I’m going to go into all the film’s details here.

This is NOT a full film review. I will hold off on ruining the film with a ton of spoilers. Or, if you want a full take and have someone else ruin it, there are plenty of reviews out at this point. Besides, I’m not a movie critic, per se. I’ll give you the basics, and a whole lotta automotive juice to boot. This film pays tribute to three eras of James Bond, through the use of automobiles.

You guys already know about the copious use of the old Aston Martin DB5 in this movie. As far as classic Bond cars go, the DB5 was introduced in 1964’s Goldfinger. Here’s a fun bit below. In that movie, too, it truly shines.

The film also put a great spotlight on the Aston Martin V8 Vantage. It debuted in The Living Daylights in 1987. That car represented a return to Aston Martin for the franchise, as Lotus was the primary car used in Roger Moore’s 007 films.

By the way (spoiler, I guess) – I didn’t see any Lotus’ in this movie. Actually, I don’t recall seeing any BMWs either, which dominated the Pierce Brosnan films. I think that might make a few fans happy.

Eventually, No Time to Die works its way up to vehicles like the Aston Martin DBS Superleggera, among others.
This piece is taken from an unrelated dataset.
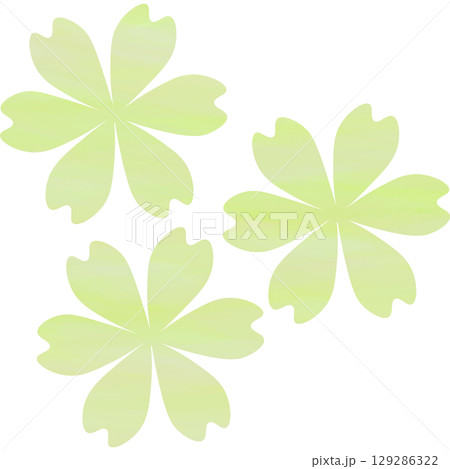 綺麗な水彩模様の花のアイコンのイメージのイラスト 129286322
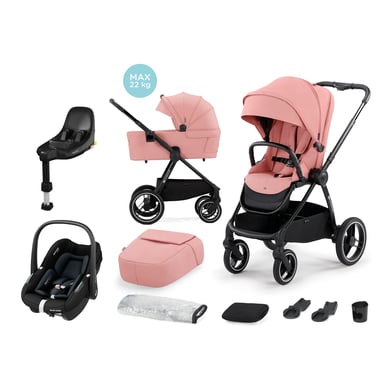 Image of Kinderkraft Passeggino NEA 2 in 1 rosa incl. ovetto MAXI COSI Pebble S Tonal nero e base isofix FamilyFix S nero059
There were a ton of new Land Rover Defenders, Range Rover Sports, Jaguars and motorcycles (Triumph Scramblers) being tossed around in several clips.

Enter — a Toyota?

Out of all of the sexy Aston Martins and other vehicles featured in this film, for me – the biggest star is the Toyota Land Cruiser Prado J90. I kid you not! Sure, the Aston Martin DB5 was magnificent, but there was no real surprise as the trailer showed us what to expect. But the Toyota was a great surprise.
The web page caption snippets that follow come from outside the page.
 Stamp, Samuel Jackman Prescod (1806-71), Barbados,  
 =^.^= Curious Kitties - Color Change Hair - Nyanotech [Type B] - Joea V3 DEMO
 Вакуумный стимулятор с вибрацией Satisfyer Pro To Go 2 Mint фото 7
Once again, I’m not going to ruin the whole thing by saying exactly what happens. Suffice to say, the who action sequence featuring the Toyota, and the Defender baddies – it was epic.


This is a long movie. Expect to sit for about three hours with previews. It’s also extraordinarily well shot. The cinematography, the sweeping vistas and beautiful imagery rewards the viewer. Sound, and the soundtrack are damn close to perfect, and most of the special effects look CGI-free, which is refreshing.

The story centers around James Bond as he is retiring. He has a new woman in his life, and they appear to be close. Everything begins to unwind after he learns that she has secrets. Revenge, espionage and double agents abound – and the main baddie begins to creep into the picture… all within the first hour.

The various motivation for revenge made sense to me, but the rest of the baddie’s intent was convoluted. You should be the judge on that one. For James Bond fans, you will see a ton of Easter eggs that are easy to find, and are fairly rewarding. That’s about all I can say without giving it away.

You already know the basics by now. The preview told you plenty. What I liked is the storytelling that was woven in by the copious use of cars.

The price you pay is your gut reaction to the film’s ending.

As for the film itself?

I loved it until the last few minutes – which I didn’t like.

Still, I would see it again – and maybe you should too.